* **Exercise instructions**: Write down, unchanged, the entries from the first line through the line holding "Stone Lain Orbit". Include no other line.

§ §

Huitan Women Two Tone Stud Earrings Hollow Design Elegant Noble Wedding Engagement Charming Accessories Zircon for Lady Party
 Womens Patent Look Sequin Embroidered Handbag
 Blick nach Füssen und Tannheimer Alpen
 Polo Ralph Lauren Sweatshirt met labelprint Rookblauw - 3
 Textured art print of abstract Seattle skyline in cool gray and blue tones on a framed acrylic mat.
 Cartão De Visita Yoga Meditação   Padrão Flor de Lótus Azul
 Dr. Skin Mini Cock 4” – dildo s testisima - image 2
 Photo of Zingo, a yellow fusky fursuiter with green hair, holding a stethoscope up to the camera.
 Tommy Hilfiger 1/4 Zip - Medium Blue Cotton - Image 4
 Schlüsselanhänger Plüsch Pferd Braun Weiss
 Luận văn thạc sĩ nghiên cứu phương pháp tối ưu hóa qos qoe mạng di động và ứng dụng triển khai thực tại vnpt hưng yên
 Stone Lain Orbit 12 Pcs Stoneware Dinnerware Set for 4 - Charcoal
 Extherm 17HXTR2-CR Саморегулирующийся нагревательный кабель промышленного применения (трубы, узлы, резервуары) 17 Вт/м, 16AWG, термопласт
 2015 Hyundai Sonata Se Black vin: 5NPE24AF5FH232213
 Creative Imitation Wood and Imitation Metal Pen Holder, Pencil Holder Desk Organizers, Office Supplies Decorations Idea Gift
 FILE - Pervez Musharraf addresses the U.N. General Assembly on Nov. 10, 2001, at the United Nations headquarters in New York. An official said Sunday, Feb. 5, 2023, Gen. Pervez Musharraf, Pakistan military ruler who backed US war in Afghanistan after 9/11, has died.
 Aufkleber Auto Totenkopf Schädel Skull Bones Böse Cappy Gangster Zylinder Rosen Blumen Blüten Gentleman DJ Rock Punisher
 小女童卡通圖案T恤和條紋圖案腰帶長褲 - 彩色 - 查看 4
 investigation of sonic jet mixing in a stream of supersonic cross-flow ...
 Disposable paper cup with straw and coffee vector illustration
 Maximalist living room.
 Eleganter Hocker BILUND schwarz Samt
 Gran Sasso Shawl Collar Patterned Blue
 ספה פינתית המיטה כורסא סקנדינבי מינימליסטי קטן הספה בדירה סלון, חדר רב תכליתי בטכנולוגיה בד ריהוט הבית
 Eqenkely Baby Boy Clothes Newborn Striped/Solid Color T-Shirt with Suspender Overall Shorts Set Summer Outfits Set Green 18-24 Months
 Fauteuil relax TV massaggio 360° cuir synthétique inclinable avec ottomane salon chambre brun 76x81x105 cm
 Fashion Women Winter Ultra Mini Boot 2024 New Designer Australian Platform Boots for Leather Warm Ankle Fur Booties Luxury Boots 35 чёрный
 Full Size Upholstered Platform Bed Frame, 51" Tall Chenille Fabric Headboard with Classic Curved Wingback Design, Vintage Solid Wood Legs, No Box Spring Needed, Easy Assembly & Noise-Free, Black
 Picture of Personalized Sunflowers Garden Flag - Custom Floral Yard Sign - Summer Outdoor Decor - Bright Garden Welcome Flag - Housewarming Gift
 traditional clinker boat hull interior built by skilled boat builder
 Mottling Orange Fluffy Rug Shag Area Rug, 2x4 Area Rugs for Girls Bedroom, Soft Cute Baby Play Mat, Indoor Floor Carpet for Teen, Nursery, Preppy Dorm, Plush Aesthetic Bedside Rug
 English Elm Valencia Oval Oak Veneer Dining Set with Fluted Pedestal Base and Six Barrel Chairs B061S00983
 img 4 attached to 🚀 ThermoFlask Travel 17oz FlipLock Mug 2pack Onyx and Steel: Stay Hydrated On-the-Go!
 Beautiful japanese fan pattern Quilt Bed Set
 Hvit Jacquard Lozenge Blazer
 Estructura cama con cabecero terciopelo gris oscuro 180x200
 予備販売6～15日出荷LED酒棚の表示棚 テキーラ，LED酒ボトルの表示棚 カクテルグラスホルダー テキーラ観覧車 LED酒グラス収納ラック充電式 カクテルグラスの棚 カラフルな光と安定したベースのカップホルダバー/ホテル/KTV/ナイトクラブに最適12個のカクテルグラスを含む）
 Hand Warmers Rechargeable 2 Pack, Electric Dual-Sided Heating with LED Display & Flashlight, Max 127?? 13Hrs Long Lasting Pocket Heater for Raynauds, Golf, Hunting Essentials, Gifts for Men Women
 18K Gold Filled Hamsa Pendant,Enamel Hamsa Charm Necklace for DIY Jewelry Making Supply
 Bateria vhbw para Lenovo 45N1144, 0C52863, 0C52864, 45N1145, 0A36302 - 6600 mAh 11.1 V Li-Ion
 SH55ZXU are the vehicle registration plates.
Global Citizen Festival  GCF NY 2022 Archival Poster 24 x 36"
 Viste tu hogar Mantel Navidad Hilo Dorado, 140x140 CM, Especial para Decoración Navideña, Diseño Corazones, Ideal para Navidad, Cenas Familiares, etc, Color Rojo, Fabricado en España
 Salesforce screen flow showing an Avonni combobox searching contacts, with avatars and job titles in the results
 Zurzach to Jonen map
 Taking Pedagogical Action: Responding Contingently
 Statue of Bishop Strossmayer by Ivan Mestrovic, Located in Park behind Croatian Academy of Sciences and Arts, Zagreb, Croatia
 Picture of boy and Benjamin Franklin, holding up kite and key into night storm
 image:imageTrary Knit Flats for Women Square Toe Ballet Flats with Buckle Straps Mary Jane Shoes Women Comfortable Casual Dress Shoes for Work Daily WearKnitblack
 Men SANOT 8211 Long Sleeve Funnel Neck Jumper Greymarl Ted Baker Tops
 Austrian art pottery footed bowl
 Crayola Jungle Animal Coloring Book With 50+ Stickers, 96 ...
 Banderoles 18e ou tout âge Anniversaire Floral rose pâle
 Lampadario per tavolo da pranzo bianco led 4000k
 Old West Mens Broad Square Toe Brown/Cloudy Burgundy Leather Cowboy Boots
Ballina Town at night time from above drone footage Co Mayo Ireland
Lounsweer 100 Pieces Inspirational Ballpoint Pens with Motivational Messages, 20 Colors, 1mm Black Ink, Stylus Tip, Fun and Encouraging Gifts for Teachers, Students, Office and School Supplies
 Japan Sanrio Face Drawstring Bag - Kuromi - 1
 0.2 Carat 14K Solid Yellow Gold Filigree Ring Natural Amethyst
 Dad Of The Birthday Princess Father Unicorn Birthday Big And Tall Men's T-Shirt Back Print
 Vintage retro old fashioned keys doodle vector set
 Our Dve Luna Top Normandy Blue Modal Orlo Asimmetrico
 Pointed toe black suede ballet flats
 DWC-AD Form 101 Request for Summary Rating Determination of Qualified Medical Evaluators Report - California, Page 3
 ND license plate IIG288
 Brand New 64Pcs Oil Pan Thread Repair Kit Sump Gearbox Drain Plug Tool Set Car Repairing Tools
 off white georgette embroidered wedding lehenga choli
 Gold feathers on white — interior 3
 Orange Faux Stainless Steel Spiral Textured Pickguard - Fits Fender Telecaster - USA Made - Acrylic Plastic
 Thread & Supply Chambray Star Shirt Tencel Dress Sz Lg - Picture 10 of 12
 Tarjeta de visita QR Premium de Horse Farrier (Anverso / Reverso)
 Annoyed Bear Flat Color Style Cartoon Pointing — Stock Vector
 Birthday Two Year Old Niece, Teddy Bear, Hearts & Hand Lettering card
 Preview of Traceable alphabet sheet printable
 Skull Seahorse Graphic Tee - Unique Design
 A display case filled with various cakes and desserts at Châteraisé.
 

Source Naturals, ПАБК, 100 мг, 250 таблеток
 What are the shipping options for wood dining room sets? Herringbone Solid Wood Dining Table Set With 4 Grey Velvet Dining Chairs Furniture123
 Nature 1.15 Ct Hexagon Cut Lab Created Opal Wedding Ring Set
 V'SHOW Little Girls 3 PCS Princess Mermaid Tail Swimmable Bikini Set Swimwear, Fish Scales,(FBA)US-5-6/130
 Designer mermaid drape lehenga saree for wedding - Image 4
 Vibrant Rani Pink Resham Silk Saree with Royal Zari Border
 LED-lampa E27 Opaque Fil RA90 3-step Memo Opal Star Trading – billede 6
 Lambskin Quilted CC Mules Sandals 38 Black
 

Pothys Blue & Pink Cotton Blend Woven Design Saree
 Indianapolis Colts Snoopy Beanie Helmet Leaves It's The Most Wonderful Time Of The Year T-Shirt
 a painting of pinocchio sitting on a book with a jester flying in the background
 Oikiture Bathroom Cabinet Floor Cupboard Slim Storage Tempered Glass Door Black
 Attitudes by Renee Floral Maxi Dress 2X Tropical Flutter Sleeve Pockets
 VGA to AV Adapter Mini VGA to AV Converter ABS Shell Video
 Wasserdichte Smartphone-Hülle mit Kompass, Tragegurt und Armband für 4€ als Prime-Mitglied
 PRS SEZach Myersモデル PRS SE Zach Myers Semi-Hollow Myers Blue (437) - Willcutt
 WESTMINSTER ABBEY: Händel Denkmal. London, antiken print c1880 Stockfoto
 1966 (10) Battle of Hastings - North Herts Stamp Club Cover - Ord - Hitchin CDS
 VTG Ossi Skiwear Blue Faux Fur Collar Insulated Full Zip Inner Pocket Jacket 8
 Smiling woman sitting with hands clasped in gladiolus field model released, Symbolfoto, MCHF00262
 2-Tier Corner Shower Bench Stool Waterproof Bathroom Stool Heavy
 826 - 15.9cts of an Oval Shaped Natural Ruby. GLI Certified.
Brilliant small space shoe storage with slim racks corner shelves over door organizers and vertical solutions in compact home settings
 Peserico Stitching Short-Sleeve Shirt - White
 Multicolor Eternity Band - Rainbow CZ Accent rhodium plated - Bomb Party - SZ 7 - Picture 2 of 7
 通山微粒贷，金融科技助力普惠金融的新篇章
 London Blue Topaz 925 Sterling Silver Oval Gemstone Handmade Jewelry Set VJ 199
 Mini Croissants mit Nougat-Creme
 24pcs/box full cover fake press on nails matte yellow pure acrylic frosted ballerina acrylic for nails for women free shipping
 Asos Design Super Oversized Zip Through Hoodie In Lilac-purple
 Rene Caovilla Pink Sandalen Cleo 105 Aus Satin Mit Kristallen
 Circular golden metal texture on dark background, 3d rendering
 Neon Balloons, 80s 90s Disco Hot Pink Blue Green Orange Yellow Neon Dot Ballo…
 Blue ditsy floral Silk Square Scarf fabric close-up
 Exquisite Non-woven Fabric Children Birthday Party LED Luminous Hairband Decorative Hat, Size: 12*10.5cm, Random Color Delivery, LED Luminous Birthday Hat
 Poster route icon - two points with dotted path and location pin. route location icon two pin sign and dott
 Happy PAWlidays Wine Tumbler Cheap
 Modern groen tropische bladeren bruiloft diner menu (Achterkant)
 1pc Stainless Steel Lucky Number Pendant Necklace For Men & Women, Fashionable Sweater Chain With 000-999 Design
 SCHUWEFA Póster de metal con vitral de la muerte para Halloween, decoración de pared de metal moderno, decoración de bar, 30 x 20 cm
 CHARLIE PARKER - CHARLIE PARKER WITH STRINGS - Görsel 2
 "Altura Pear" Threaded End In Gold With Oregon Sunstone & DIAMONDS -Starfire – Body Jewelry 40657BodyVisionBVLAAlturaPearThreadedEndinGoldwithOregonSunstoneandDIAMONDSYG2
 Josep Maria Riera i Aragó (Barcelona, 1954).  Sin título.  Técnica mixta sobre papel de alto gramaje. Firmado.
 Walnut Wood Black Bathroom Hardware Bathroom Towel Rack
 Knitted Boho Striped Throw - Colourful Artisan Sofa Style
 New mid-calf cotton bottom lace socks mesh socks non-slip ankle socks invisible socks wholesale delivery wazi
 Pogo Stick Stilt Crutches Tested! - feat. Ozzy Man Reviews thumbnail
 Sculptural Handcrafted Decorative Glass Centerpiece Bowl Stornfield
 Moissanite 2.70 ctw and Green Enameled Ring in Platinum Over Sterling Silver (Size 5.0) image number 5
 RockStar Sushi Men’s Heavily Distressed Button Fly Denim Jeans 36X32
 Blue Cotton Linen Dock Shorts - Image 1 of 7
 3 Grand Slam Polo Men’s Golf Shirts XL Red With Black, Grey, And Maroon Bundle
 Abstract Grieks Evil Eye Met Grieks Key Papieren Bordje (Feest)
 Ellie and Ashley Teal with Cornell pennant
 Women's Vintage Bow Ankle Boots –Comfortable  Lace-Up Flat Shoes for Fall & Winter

§ §

* **Your response**:
Huitan Women Two Tone Stud Earrings Hollow Design Elegant Noble Wedding Engagement Charming Accessories Zircon for Lady Party
 Womens Patent Look Sequin Embroidered Handbag
 Blick nach Füssen und Tannheimer Alpen
 Polo Ralph Lauren Sweatshirt met labelprint Rookblauw - 3
 Textured art print of abstract Seattle skyline in cool gray and blue tones on a framed acrylic mat.
 Cartão De Visita Yoga Meditação   Padrão Flor de Lótus Azul
 Dr. Skin Mini Cock 4” – dildo s testisima - image 2
 Photo of Zingo, a yellow fusky fursuiter with green hair, holding a stethoscope up to the camera.
 Tommy Hilfiger 1/4 Zip - Medium Blue Cotton - Image 4
 Schlüsselanhänger Plüsch Pferd Braun Weiss
 Luận văn thạc sĩ nghiên cứu phương pháp tối ưu hóa qos qoe mạng di động và ứng dụng triển khai thực tại vnpt hưng yên
 Stone Lain Orbit 12 Pcs Stoneware Dinnerware Set for 4 - Charcoal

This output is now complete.